Josh Hawley is convinced the media organizations are there to catch him, trying to take away his voice as a helpless, everyday Republican senator from Missouri.
On Tuesday morning, Hawley’s latest grievance was with the Washington Post – the outlet that gave him a leading platform to promote his new book.
“Don’t try to censor and cancel and silence me here,” Hawley said.
“Senator, we welcome you here,” responded technology policy reporter Cat Zakrzewski.
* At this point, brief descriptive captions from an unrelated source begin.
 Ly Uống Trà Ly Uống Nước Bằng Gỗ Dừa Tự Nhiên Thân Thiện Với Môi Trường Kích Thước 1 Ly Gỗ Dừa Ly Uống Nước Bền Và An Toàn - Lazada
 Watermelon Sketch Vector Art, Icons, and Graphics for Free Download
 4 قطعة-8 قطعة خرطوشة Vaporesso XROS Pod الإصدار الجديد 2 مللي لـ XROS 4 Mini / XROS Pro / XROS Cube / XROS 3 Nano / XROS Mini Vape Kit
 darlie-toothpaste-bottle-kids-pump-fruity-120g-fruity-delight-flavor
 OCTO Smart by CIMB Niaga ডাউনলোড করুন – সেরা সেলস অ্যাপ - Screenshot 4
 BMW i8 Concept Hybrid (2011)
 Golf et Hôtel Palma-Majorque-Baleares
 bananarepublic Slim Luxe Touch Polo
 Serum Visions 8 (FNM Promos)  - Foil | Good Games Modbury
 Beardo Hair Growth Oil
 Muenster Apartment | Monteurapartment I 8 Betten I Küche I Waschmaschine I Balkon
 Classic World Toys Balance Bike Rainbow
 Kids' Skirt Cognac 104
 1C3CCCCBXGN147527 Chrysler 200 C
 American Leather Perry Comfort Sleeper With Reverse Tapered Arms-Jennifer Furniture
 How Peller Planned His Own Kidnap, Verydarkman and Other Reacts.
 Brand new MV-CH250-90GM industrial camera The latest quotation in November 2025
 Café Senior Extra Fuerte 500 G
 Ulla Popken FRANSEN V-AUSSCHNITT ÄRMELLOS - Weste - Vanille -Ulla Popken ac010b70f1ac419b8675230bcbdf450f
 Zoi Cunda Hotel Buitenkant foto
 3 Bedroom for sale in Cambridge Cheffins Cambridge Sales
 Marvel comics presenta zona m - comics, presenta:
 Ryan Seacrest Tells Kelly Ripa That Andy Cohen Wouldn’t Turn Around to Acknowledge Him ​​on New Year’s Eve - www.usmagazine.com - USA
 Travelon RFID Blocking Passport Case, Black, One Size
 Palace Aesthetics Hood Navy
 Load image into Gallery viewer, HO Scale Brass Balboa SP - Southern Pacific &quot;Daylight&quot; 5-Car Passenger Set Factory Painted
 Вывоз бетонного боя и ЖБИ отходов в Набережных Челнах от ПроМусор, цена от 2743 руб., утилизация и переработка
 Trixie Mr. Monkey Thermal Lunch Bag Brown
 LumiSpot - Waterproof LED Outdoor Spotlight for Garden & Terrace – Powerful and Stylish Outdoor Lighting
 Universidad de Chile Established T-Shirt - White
Republicans have made the revolt against “the culture of cancellation” a major part of their platform on social issues, claiming that society as a whole is hostile to their ideas and trying to banish them simply because they are conservative. They believe they are the real victims.
They often claim that they are silenced from their leading positions in government, think tanks, academia and the media.
Indeed, on Tuesday, one of the country’s most prominent newspapers gave Hawley – a man who applauded the crowds who attacked that U.S. Capitol – 30 minutes to promote his new book on Taking Charge of Big Tech and share his ideas on political issues.
Zakrzewski asked Hawley about his now infamous move on January 6, when he raised his fist and gave a thumbs up to a crowd of Donald Trump supporters who were on Capitol Hill to oppose Joe Biden’s certification in as the winner of the presidential election.
Hawley said he has no regrets about what he did because he “doesn’t know which of these protesters … participated in the criminal riot” and argued that “the overwhelming majority … were peaceful.”
After the Capitol Riot, Hawley put all the attention he was receiving into a boon to his campaign. He grossed over $ 3 million in the first three months of 2021, more than any other quarter since running for the Senate.
Most recently, Hawley was the only senator to vote against a law to address hate crimes against the Asian American and Pacific Islander community.